Metropolitan News-Enterprise

 

Tuesday, April 7, 2009

 

Page 1

 

State Supreme Court Rejects Suit Against UCI for Losing Cadaver

 

By STEVEN M. ELLIS, Staff Writer

 

A widow cannot sue the University of California Regents over the UC Irvine’s willed body program’s loss of her late husband’s remains, the California Supreme Court ruled yesterday.

Holding Evelyn Conroy could not show a breach of a duty of care absent evidence the particular body was used in a manner other than that authorized in the donation agreement, the justices unanimously affirmed a trial court’s grant of summary judgment.

Defense counsel Louis B. Marlin of Marlin & Saltzman told the MetNews the decision resolved all remaining litigation over the program, which arose in 1999 when the university fired former program director Christopher S. Brown amidst accusations he sold body parts for profit.

Paul M. Mahoney of Mahoney & Soll represented Conroy, and said the case “reflects a growing trend in the courts to allow the government to lie to its citizens without accountability or recourse.”

He added, however, that he was glad the opinion was on record so that “people in the state now know that before they donate a body for research, they should get a lawyer and negotiate the terms carefully.”

Conroy brought suit for negligence, fraud and negligent misrepresentation after she read media coverage in September 1999 describing misconduct at the willed body program.

Donation Agreement

Her late husband, James Conroy, executed an agreement to donate his body to the program in 1996, and the school took possession of the body when Conroy died in January 1999.

However, when Evelyn Conroy telephoned the university to inquire about her husband’s remains, she was informed that Brown had failed to keep proper records, and that the school did not know what happened to her husband’s body after it was picked up.

Citing allegations that Brown used donated bodies to operate a private, for-profit gross anatomy class for prospective medical school students, and that he sold seven cervical spines to a private company, Evelyn Conroy argued UCI was liable for failing to keep track of her husband’s remains.

She also accused the school of failing to contact her before disposing of the remains, and for mishandling them while using them for purposes other than teaching or scientific research.

But the Orange Superior Court granted summary judgment for the university, and Div. Three of the Fourth District Court of Appeal affirmed, holding that UCI had no legal duty to keep track of a donor’s body or to ensure that a donor’s cremated remains had not been commingled with other cremated remains before being returned to a donor’s family.

Conroy appealed, but Justice Marvin R. Baxter agreed with the lower courts, writing that the record did not support Conroy’s claim that the program mishandled her husband’s body as set forth in the complaint.

He noted, as the Court of Appeal had pointed out, that James Conroy’s remains could not have been used in the private gross anatomy classes because they occurred prior to his death. Baxter also recognized that the fresh nature of the seven cervical spines at the time of their sale meant none of them could have belonged to Conroy.

No Duty

The justice further concluded that the university had no duty to return remains or retain records regarding disposition where the donation agreement did not so specify, and that state law imposes no duty on state universities to safeguard the sensibilities of surviving family members when conducting teaching and research.

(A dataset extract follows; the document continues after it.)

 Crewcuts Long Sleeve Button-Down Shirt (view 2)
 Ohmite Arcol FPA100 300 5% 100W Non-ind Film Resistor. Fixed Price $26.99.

He also wrote that summary judgment was proper on Evelyn Conroy’s fraud and negligent misrepresentation claims because she had failed to identify any false representations, and could similarly not show any reliance on the part of her late husband.

Marlin said the university was “quite pleased” with the decision, which he said “recognizes that when someone donates remains for science and research, the donor’s wishes are paramount and the university, by honoring the donor’s wishes, acted appropriately.”

Chief Justice Ronald M. George and Justices Joyce L. Kennard, Kathryn Mickle Werdegar, Ming W. Chin, Carlos R. Moreno and Carol A. Corrigan joined Baxter in his opinion.

The case is Conroy v. The Regents of the University of California, 09 S.O.S. 1977.